## Problem details
Look through the data below for the line with "TOEIC®満点990点に対", and transcribe it exactly together with each line after it up to and including the line with "深入探讨POW算法在虚拟币中的应用与前景". Give nothing else.

## Recorded information
·····
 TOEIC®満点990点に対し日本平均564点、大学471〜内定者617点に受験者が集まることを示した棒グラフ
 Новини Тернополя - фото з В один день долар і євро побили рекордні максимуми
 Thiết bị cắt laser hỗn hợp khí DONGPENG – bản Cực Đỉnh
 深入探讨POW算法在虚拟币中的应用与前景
·····
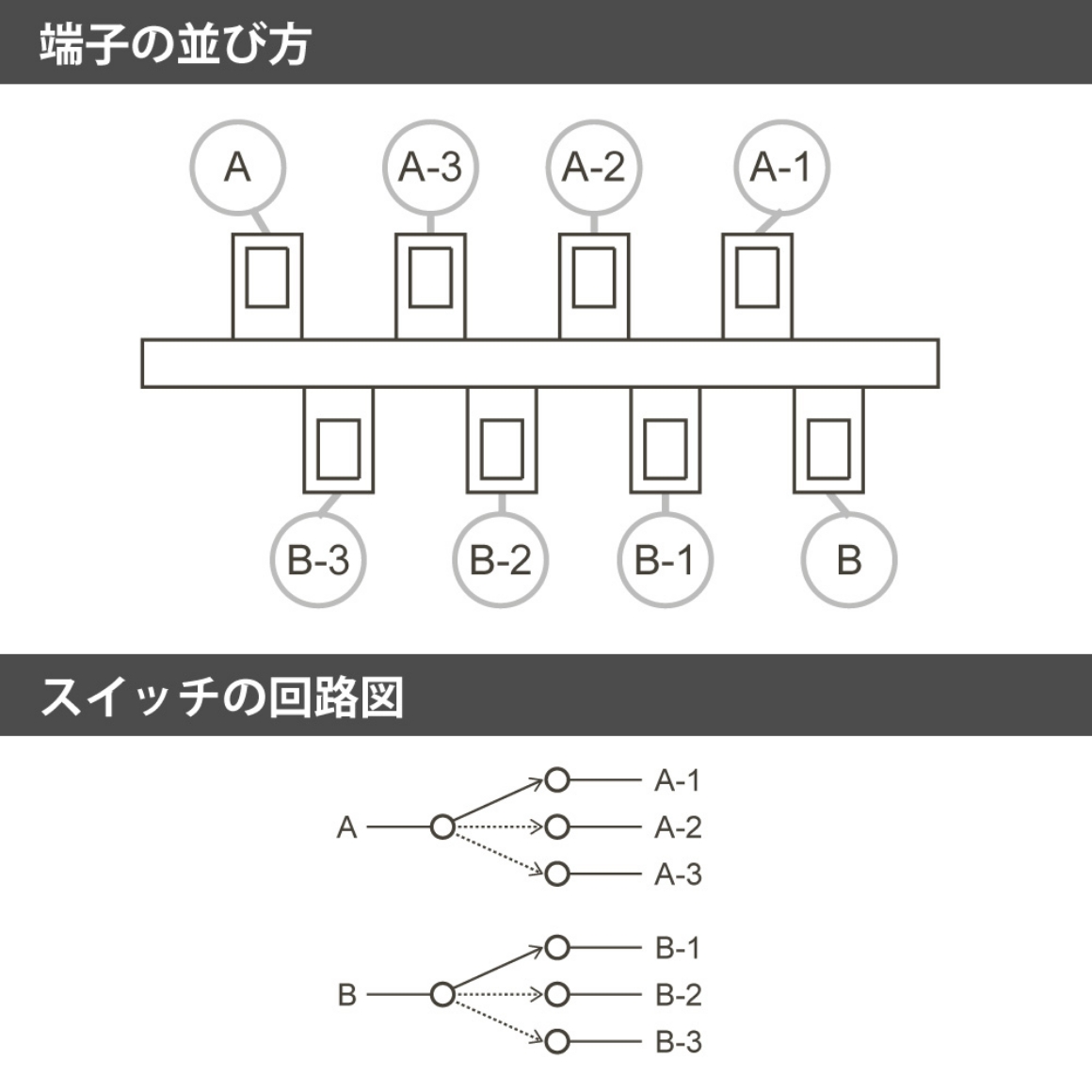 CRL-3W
·····
## Exercise answer
 TOEIC®満点990点に対し日本平均564点、大学471〜内定者617点に受験者が集まることを示した棒グラフ
 Новини Тернополя - фото з В один день долар і євро побили рекордні максимуми
 Thiết bị cắt laser hỗn hợp khí DONGPENG – bản Cực Đỉnh
 深入探讨POW算法在虚拟币中的应用与前景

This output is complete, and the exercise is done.